Alternatively, CCM can detect the problem, but it doesn't really
fix it, and so the problem will eventually go away when STP reconverges
even though a defect may be indicated in the interim.
> If we have a
> topology with loops (presuming this is supported), will 802.1ag care about
> it and resolve or will it let STP do the job? My guess is that having both
> active simultaneously, STP may rearrange topology underneath 802.1ag,
> which in turn tries to find an alternative path via AIS and LTMs at the
> same time that STP processes a TC, and that looks strange to me now.

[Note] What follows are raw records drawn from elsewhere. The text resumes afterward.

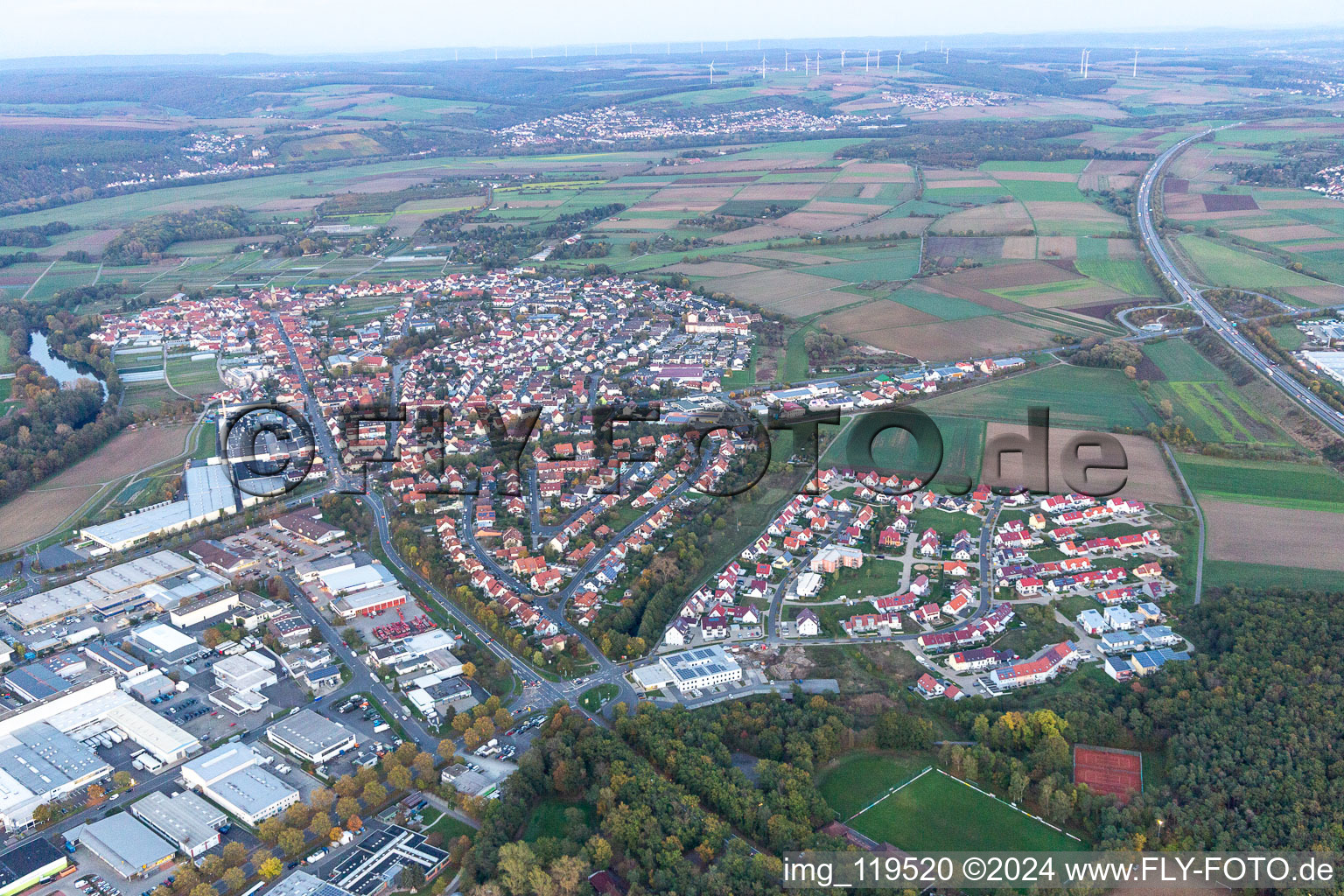 Enregistrement par drone de Sennfeld dans le département Bavière, Allemagne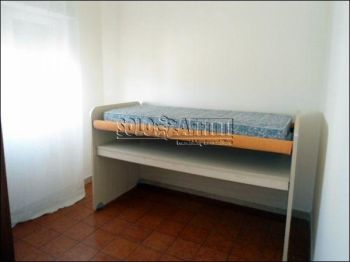 Appartamento arredato con balcone Torre angela
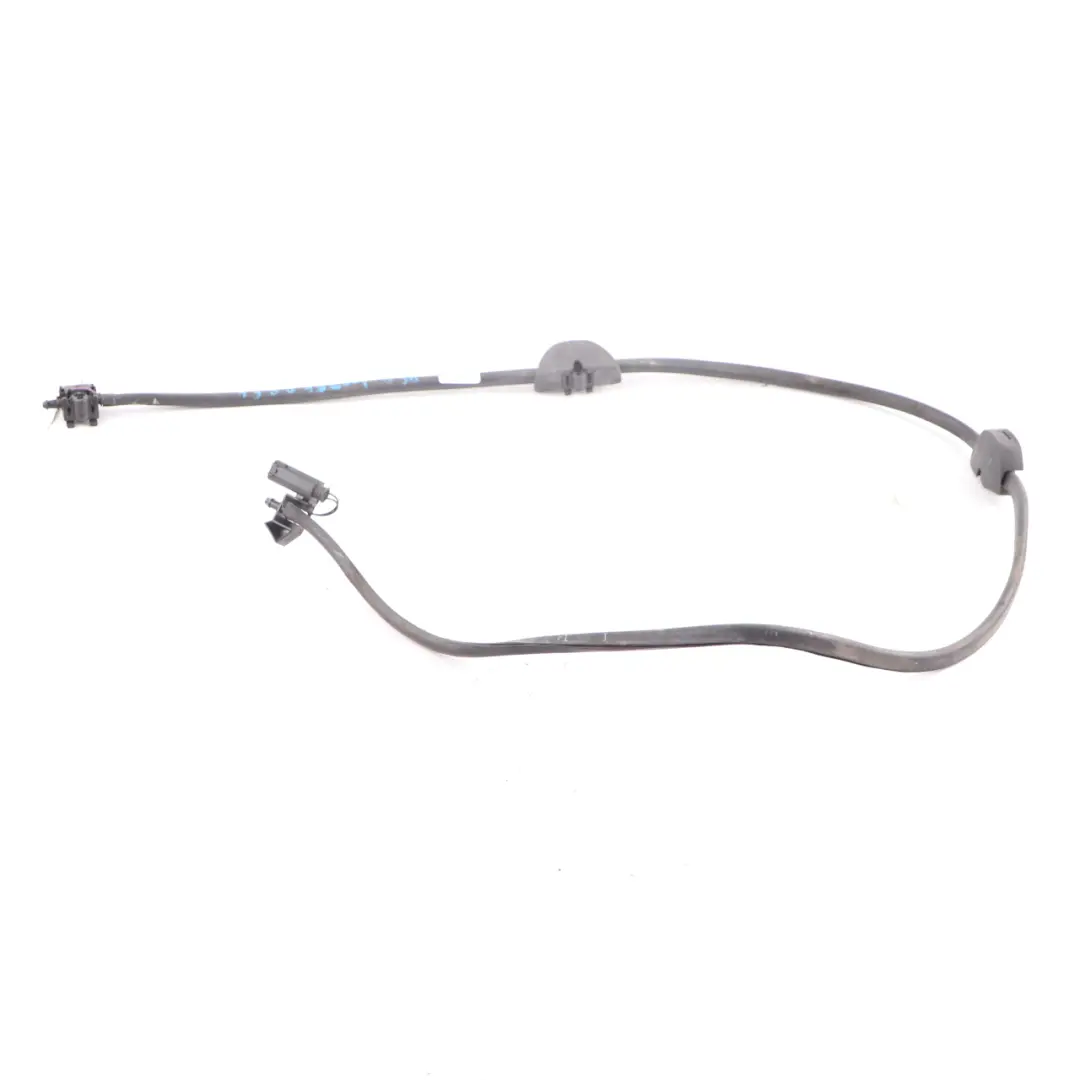 Windscreen Wash Washer Pipe Hose Line Nozzle Array to BMW G30 G31 with Part number 7388756 BMW G30 G31 Windscreen Wash Washer Pipe Hose Line Nozzle Array - SKU 7388756 - Part number 7388756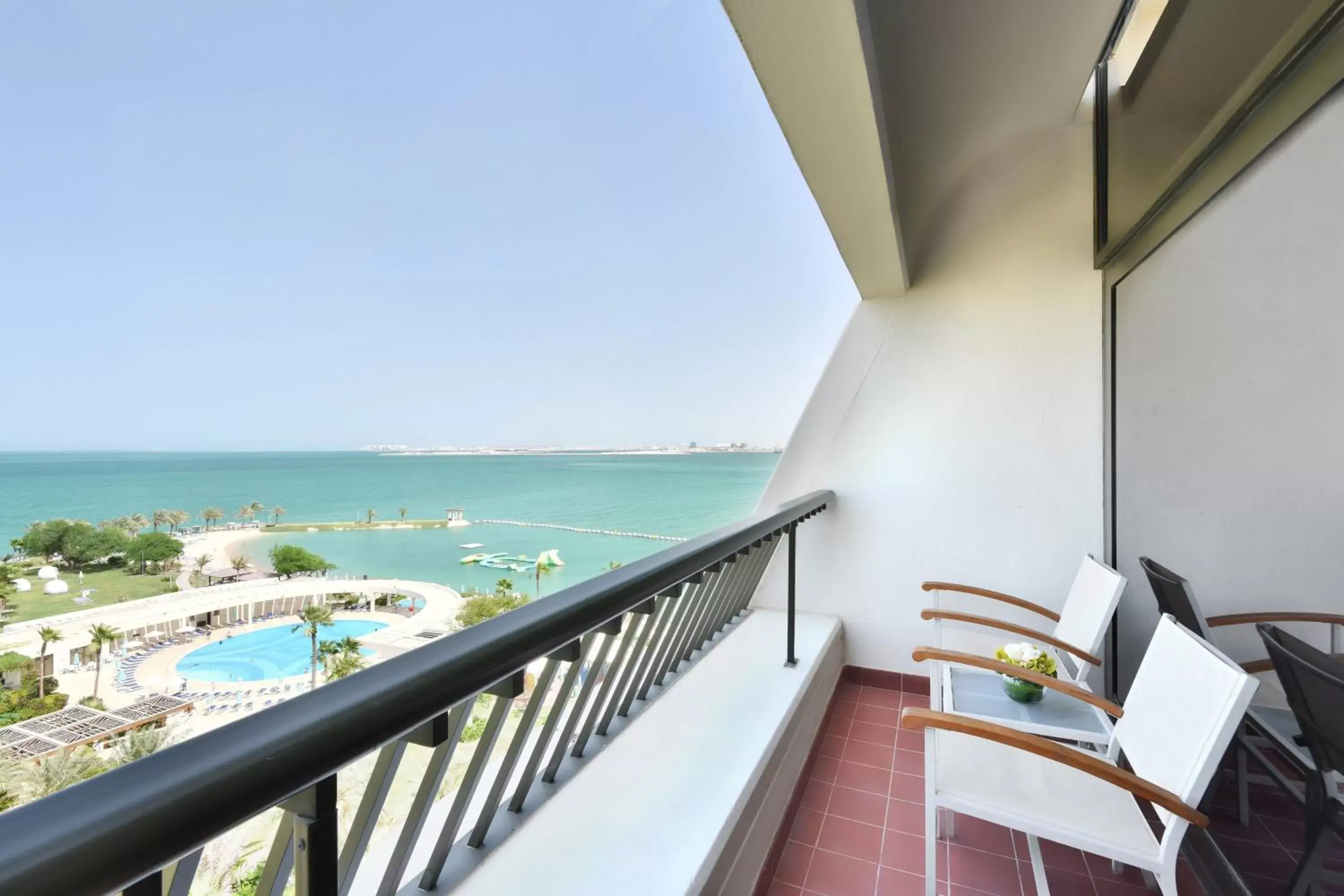 Photo of the whole room, Balcony/Terrace in Sheraton Grand Doha Resort & Convention Hotel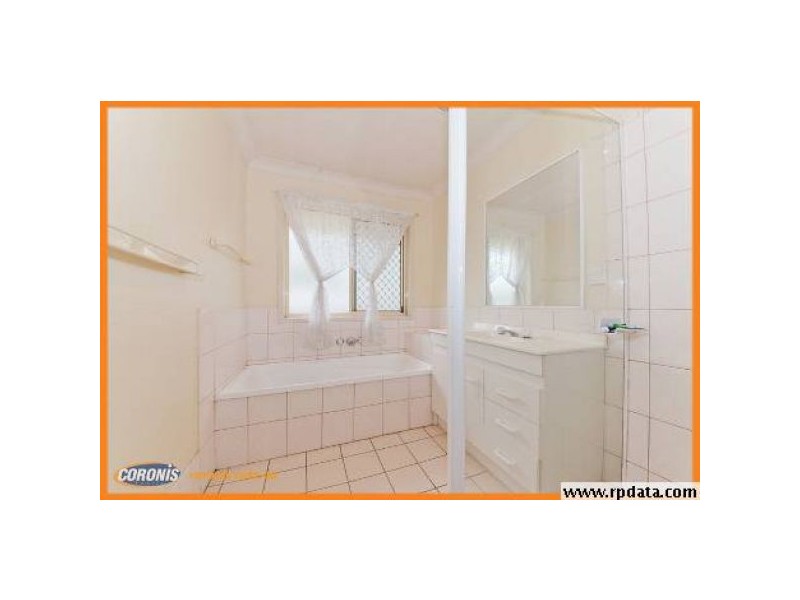 3 Plimsoll Plc, Helensvale QLD 4212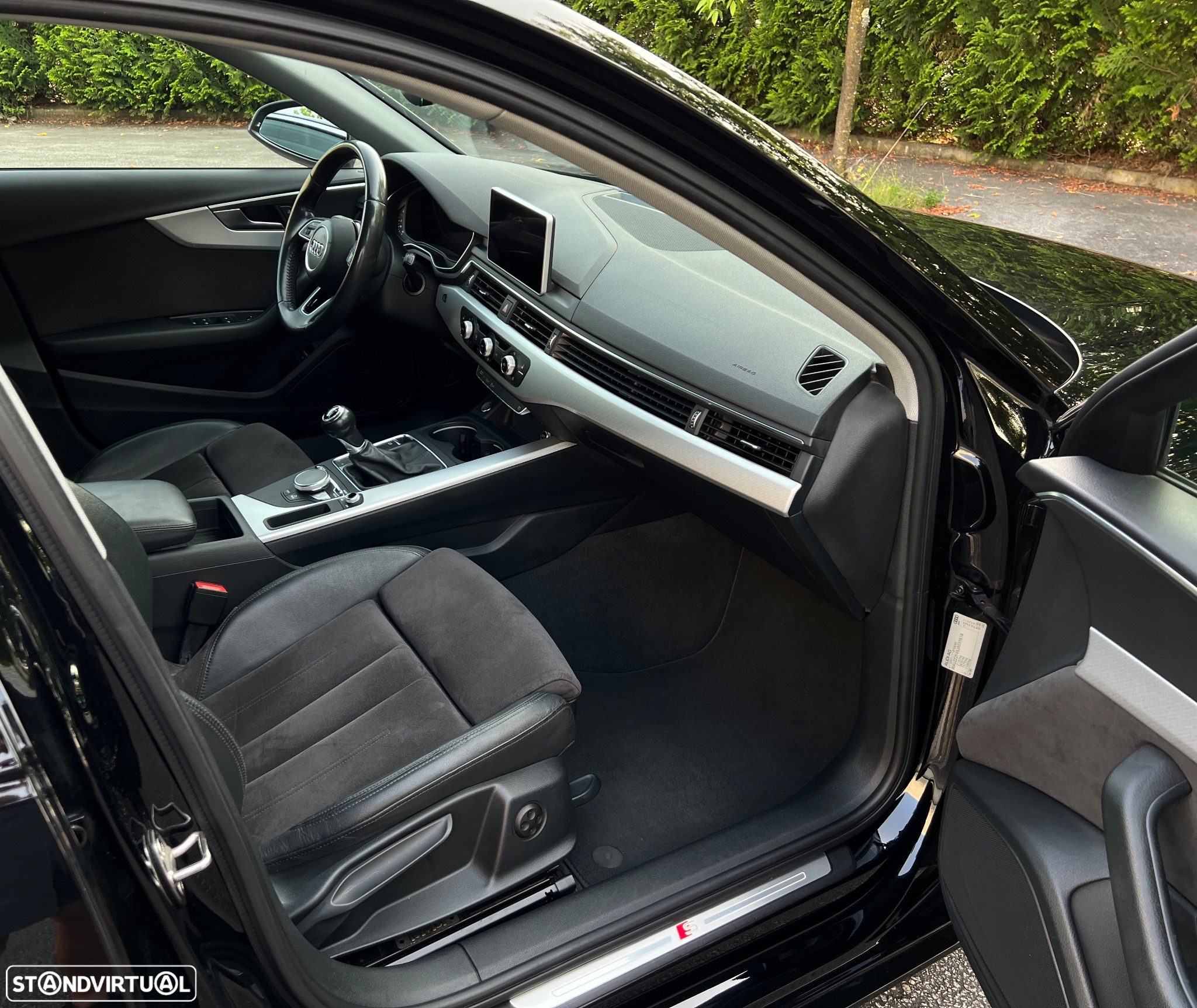 Audi A4 Avant 2.0 TDI S-line - 25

Any
> ideas?
AIS has been removed from the spec several versions ago.
One cannot use "LTMs" or anything else to find paths. If one
doesn't use STP, the only way to create loop-free paths in
network topology with loops is to pre-provision them. That
is certainly an option, but the details of that are out of scope
for this spec.
> (4) 802.1ag says that it makes use of an extended discovery mechanism that
> can be found in chapter 12 of 802.1Q -- fine. But given .1Q invented some
> discovery mechanism prior to .1ag, what did they intend it for, wo used it
> and what for? I must admit never having seen such .1Q discovery so far.
Can you provide a more specific reference on this?